WIT AT SEVERAL WEAPONS.
Act I. Oldcraft's speech:
I'm arm'd at all points, &c.
It would be very easy to restore all this passage to metre, by supplying a sentence of four syllables, which the reasoning almost demands, and by correcting the grammar. Read thus:—
Arm'd at all points 'gainst treachery, I hold
My humor firm. If, living, I can see thee
Thrive by thy wits, I shall have the more courage,
Dying, to trust thee with my lands. If not,
The best wit, I can hear of, carries them.
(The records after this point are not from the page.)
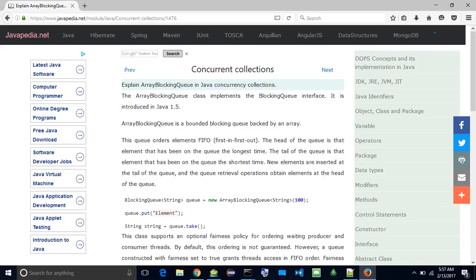This queue orders elements FIFO, first in first out. The head of the queue is that element that has been on the queue the longest time. The tail of the queue is that element that has been on the queue the shortest time. New elements are inserted at the tail of the queue, and the queue retrieval operations obtain elements at the head of the queue.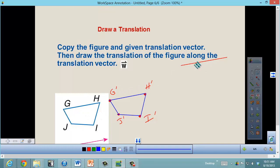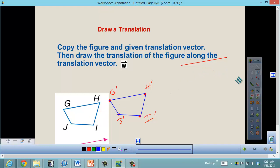The quadrilateral has moved slightly up and to the right, and each point G, H, I, and J have all moved by that same vector.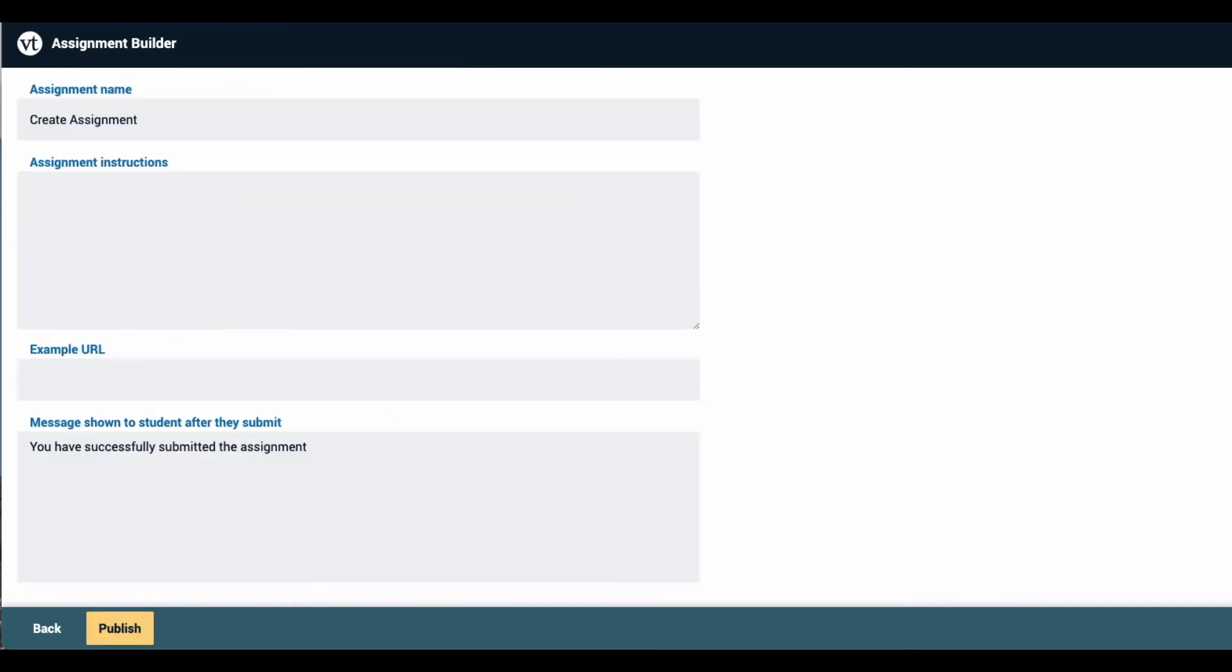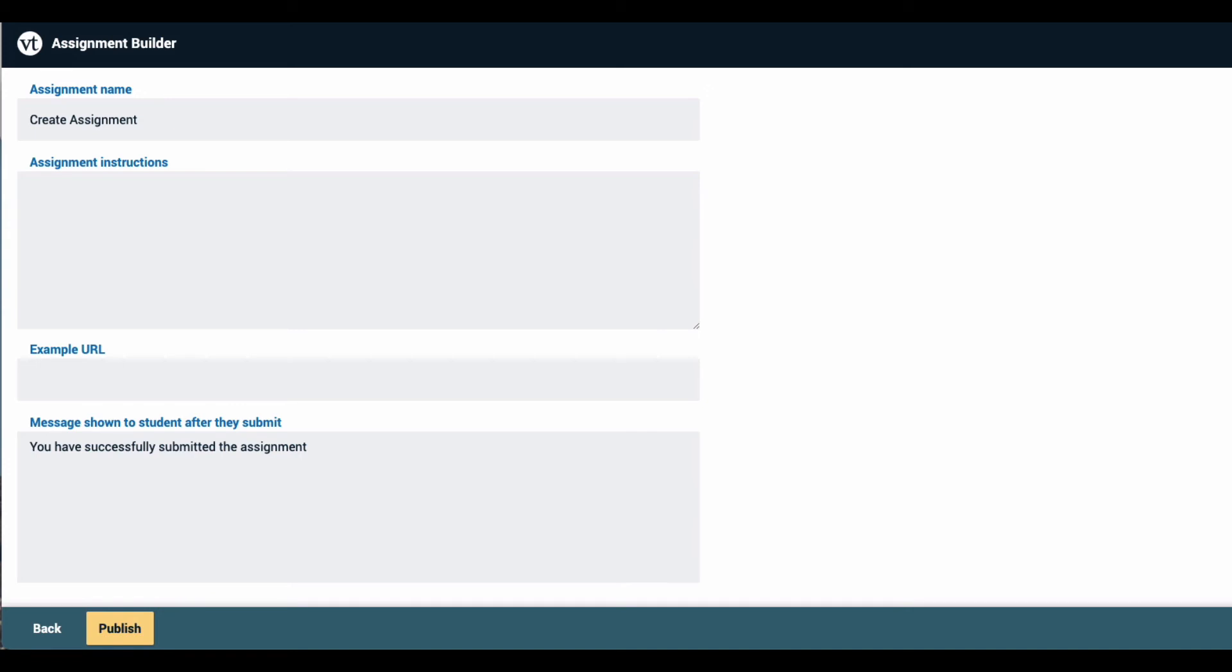The last part of the setup process allows you to select an assignment name and set some basic instructions. All of the items that you enter on this page will be visible to students, so this is a good place for you to add any written directions that you want to provide, and to even provide an example of the type of VoiceThread that you're looking for.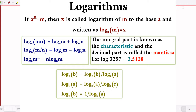Logarithm of b to the base a equals 1 divided by logarithm of a to the base b. Also, logarithm of a to the base b equals logarithm of a to the base c divided by logarithm of c to the base b. This means log b to base a equals log b divided by log a with the same base c.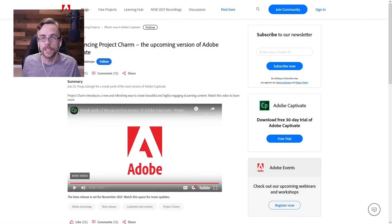That was the sneak peek video Adobe has given us of Project Charm, the latest and greatest from Adobe Captivate. I'm really looking forward to this. They mentioned the public beta is coming out next month — that's November 2021. I definitely want to get my hands on that and mess around with it, and I'll give you my thoughts and impressions in a separate video. Thanks for watching, see you then.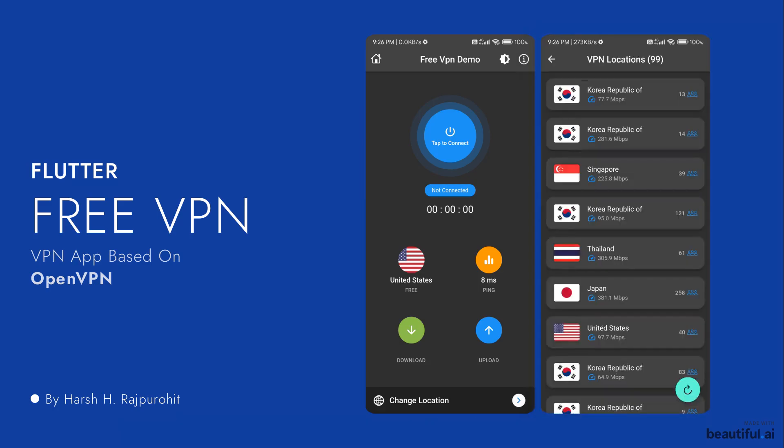So this was the very simple demo of the application that we are going to create in this course.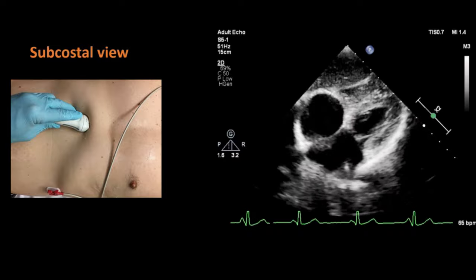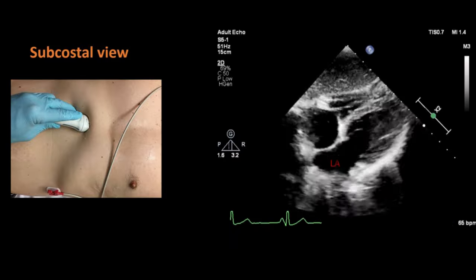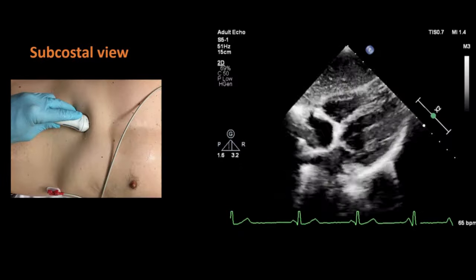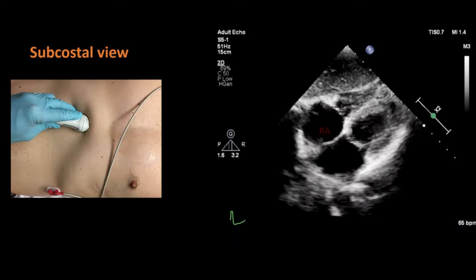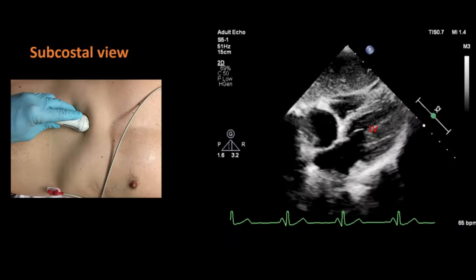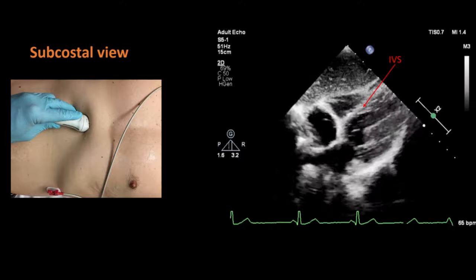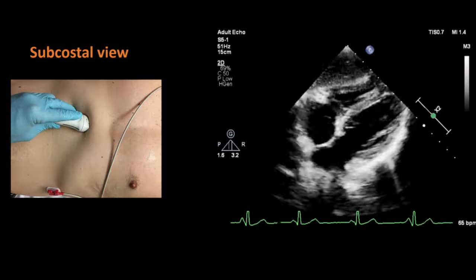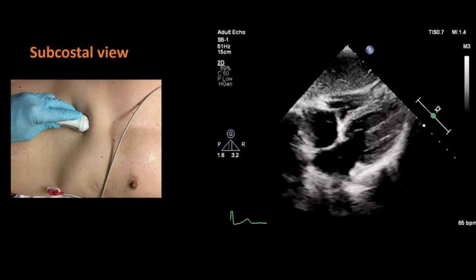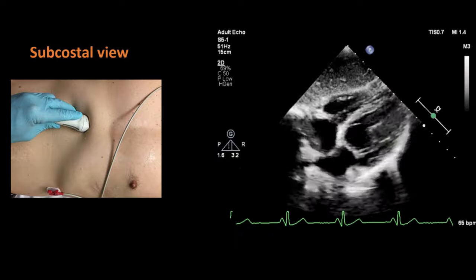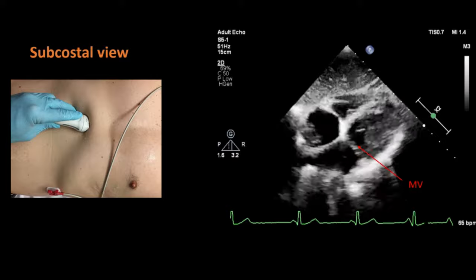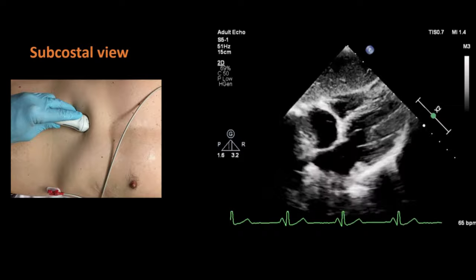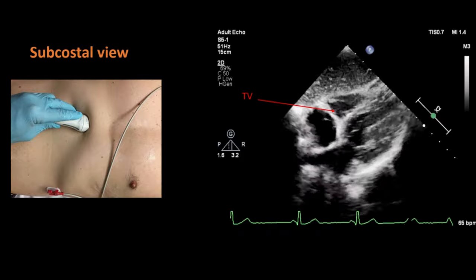In this subcostal view, you will be able to see the left atrium, inter-atrial septum, right atrium, left ventricle, and right ventricle. You can also see the two atrioventricular valves, which are the mitral and tricuspid valves. The mitral valve is located between the left atrium and left ventricle, whereas the tricuspid valve is located between the right atrium and right ventricle.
For since so many in my time and knowledge,
Rich children of the city, have concluded
For lack of wit in beggary, I'd rather
Make a wise stranger my executor,
Than a fool son my heir, and have my lands call'd
After my wit than name: and that's my nature!
Ib. Oldcraft's speech:—
To prevent which I have sought out a match for her.—
Read
Which to prevent I've sought a match out for her.
Ib. Sir Gregory's speech:—
—Do you think I'll have any of the wits hang upon me after I am
married once?
Read it thus:—
Do you think
That I'll have any of the wits to hang
Upon me after I am married once?
and afterwards—
Is it a fashion in London,
To marry a woman, and to never see her?
The superfluous 'to' gives it the Sir Andrew Ague-cheek character.